While a majority of people were expecting an announcement from Bajaj regarding a possible Ducati buyout, the Indian brand has today announced an alliance with Triumph Motorcycles instead. This isn’t that surprising if you think about it. Ducati is a very similar brand to KTM in the flavour of their products and Bajaj already has the sharp and sporty KTMs in its portfolio. When Rajiv Bajaj announced at the company’s 10th annual general meeting that the company was close to announcing an alliance in the ‘lazy riding’ space, Ducati was instantly ruled out. There was some doubt as to which brand in this space Bajaj could be eyeing, but we now know it to be the British manufacturer, Triumph. Here’s what we expect to pan out from this alliance
1. The alliance will likely be regarding only a particular range of motorcycles
Triumph is one of the precious few motorcycle manufacturers worldwide that specialises in both sporty motorcycles as well as relaxed machines. Considering Bajaj already has a very successful co-developed range of sporty machines with KTM, it’s fair to consider that Bajaj is more interested in Triumph’s more sedate motorcycles. These would likely fall under the British brand’s revamped range of modern classics including the new Bonnevilles and the Thruxton. This product line has been thoroughly successful worldwide, but the bikes don’t come cheap. In India, Triumph’s most affordable Street Twin costs over Rs 8 lakh (on road). With the recent revamp of the range, engine capacities have also jumped, with the smallest of these displacing 900cc. Clearly, there’s space for something smaller and more affordable.
2. The advantage to Triumph
Triumph stands to gain big from Bajaj’s expertise, with cost effective engineering as well as the significantly lower costs of labour and manufacturing in India. For those who recall, in 2014, Triumph shelved development of its small-capacity 250cc motorcycle. Since then the British brand has no doubt witnessed the wild success of the small KTMs that have helped boost the Austrian manufacturer to the top of the European sales charts. Rival brand BMW soon followed suit with the new G310R and G310GS, co-developed with TVS. It goes without saying that there’s big money in premium smaller capacity motorcycles and the increasingly popular way to do it is to tie up with a big Indian manufacturers. Products spawned off this alliance could open new doors to Triumph in emerging markets with relatively higher volume segments.
3. The advantage to Bajaj
It’s no secret that Bajaj has been eyeing Royal Enfield’s rapidly growing market share for some time now. An alliance like this is exactly what the Indian company needs to establish a more direct rival to the Royal Enfields that now regularly sell over 50,000 units per month. The Dominar 400 was aimed in that direction, but it is too different a motorcycle in character to directly appeal to the traditional Royal Enfield buyer.

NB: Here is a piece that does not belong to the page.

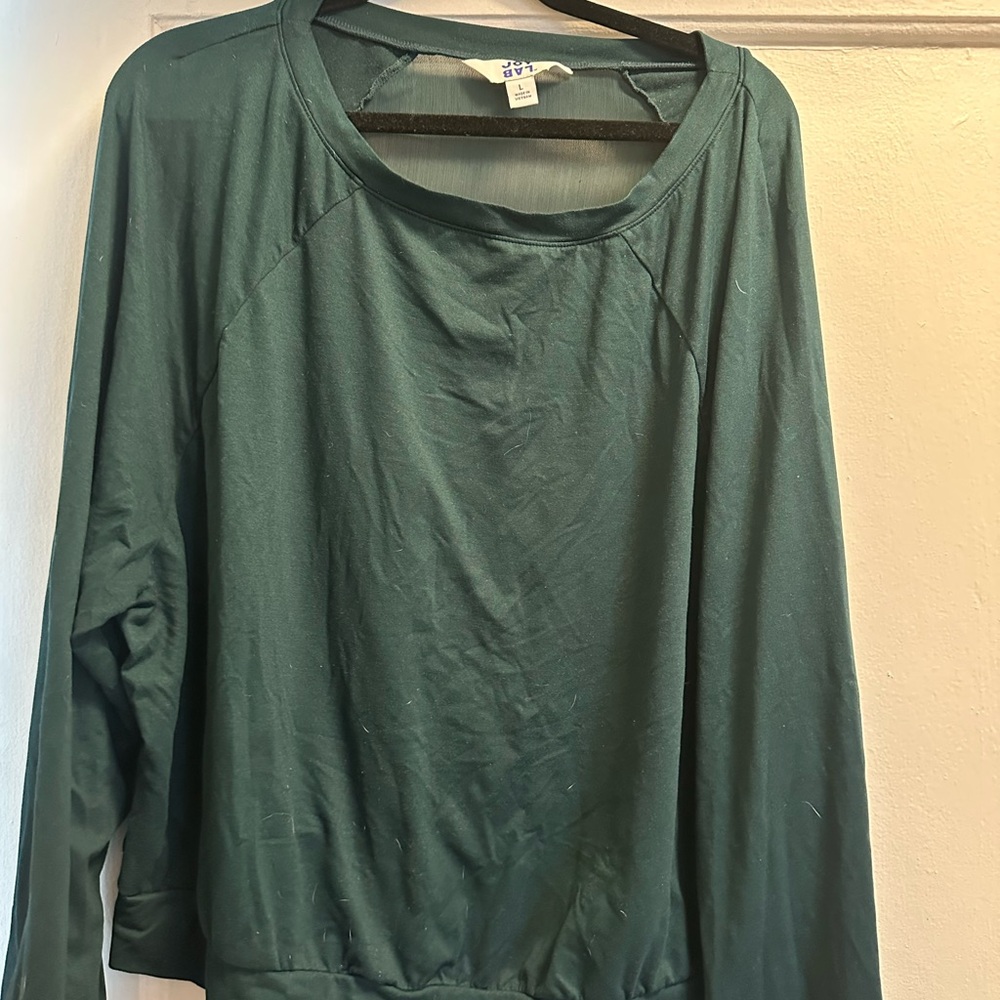 JoyLab Forest Green Women's Sweatshirt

Royal Enfield has proved that there’s a big market for retro-themed motorcycles. It would seem that cutting-edge technology and serious performance isn’t quite as valued as that particular riding experience that the traditional customer craves. We’ve always maintained that the Bonneville is a beautiful upgrade for someone looking to graduate from a Royal Enfield. Bajaj could simply be taking a step forward by bringing that Bonneville experience down to a much more affordable level. It’s far too early to say what the first bikes born off this alliance could look like, or what engine configurations they could offer.
4. Expect to wait at least two years for the first products
Motorcycles aren’t like cell phones. They take time to design and develop for commercial sales. TVS and BMW first announced their tie-up in 2013 and the G310R only saw the light of day in late 2015. Similarly, the original Bajaj and KTM announcement came in 2008, but it was only late 2010 before the first Duke 125 came out and early 2011 before Duke 200 sales began in India.
Bajaj is known to work fast, so it’s safe to estimate first sight of the initial products in late 2019, with domestic sales possibly beginning in 2020. It is also interesting to note that, by that point in time, Europe will be shifting from the current Euro-IV to Euro-V emission standards for two-wheelers, whereas India will be going straight from the current BS-IV to the BS-VI norms by April 2020. As far as we can tell, existing Euro-IV norms meet existing BS-IV norms but we aren’t sure if the upcoming Euro-V norms will meet India’s BS-VI norms. If not, will two variants be simultaneously developed, one for India and one for overseas? Only time will tell.